Scheer said Wernick’s testimony laid out the extent of unsolicited and co-ordinated efforts to have Wilson-Raybould change her mind.

In his response to Scheer’s opening remarks in the Commons, Virani quoted a part of Wernick’s testimony that supported the government’s position that Trudeau was consistent in telling Wilson-Raybould that offering a remediation agreement to SNC-Lavalin was her decision alone.

“The prime minster said at every occasion, verbally and in writing, she was the decider, so she was not giving legal advice to the prime minister. She was the decider, the full and final decider,” Wernick said at committee last week.

The motion is scheduled to be put to a vote at 6:30 p.m. Monday.

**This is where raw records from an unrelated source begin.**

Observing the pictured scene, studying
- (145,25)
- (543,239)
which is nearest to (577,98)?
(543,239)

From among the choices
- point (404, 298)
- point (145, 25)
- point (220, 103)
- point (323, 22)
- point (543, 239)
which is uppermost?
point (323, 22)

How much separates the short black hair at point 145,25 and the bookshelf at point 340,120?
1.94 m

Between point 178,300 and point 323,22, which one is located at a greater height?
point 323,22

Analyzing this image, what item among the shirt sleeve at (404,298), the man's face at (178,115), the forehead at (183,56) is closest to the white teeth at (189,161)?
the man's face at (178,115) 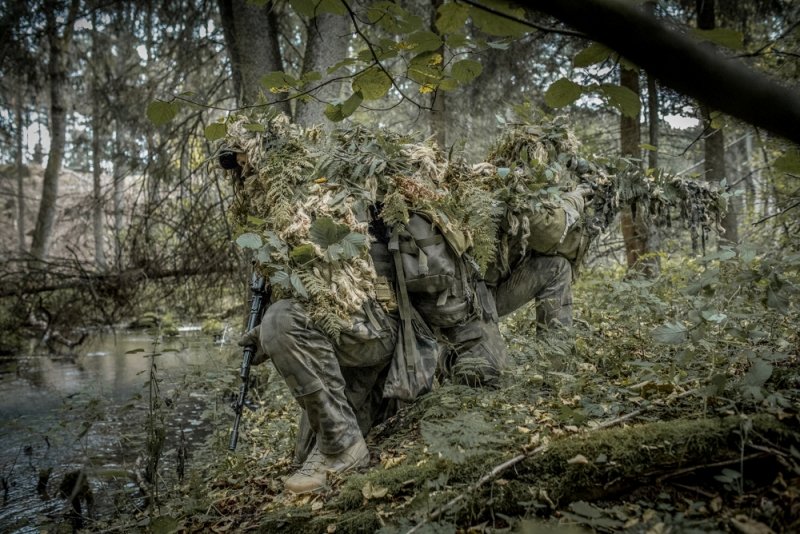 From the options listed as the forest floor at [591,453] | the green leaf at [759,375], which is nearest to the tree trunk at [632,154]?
the forest floor at [591,453]

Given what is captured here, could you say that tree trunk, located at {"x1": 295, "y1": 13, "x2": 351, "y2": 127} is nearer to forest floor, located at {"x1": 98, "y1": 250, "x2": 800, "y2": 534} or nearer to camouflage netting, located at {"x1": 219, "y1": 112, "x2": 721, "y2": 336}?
camouflage netting, located at {"x1": 219, "y1": 112, "x2": 721, "y2": 336}

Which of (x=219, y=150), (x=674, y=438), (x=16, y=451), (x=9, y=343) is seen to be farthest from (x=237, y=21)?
(x=9, y=343)

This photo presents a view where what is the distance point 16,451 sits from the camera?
192 inches

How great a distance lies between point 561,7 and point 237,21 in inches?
229

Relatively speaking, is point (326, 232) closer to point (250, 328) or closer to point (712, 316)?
point (250, 328)

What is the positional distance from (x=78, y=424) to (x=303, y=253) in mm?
3798

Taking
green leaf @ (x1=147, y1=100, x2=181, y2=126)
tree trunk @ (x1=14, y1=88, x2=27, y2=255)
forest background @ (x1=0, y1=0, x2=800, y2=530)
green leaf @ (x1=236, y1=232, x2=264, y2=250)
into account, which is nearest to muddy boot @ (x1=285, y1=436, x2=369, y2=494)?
forest background @ (x1=0, y1=0, x2=800, y2=530)

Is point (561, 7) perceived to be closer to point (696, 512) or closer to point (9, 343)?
point (696, 512)

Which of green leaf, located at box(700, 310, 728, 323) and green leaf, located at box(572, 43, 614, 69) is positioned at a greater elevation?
green leaf, located at box(572, 43, 614, 69)

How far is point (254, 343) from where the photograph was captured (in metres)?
3.25

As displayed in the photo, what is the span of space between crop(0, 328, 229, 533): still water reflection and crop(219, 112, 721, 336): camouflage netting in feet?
4.86

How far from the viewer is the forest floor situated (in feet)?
5.60

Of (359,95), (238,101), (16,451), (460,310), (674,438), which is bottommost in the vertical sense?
(16,451)

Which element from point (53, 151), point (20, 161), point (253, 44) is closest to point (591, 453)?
point (253, 44)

Two previous opposition attempts to have senior PMO staff testify at the committee have been unsuccessful, as was a motion to compel Trudeau to waive solicitor-client privilege and have a public inquiry launched.

NDP MP Tracey Ramsey used her time in the debate to bring up the perceived “racist and sexist undertones” of the ongoing affair, citing the personal attacks against the woman who was Canada’s first Indigenous justice minister and attorney general by unnamed Liberal sources in the days after the SNC-Lavalin controversy began unfolding. Trudeau has since apologized for not being quicker to condemn those comments.

To date, the government maintains that nothing improper occurred, though Trudeau’s principal secretary resigned over the matter on Feb. 18, denying any wrongdoing.

Since the scandal hit Parliament Hill, federal ethics commissioner Mario Dion has launched an investigation, which Liberals continue to point to as the best avenue for examining the case, though such probes can often take months to complete.

“We continue to welcome the studies by the committee and by the ethics commissioner,” Trudeau said Monday.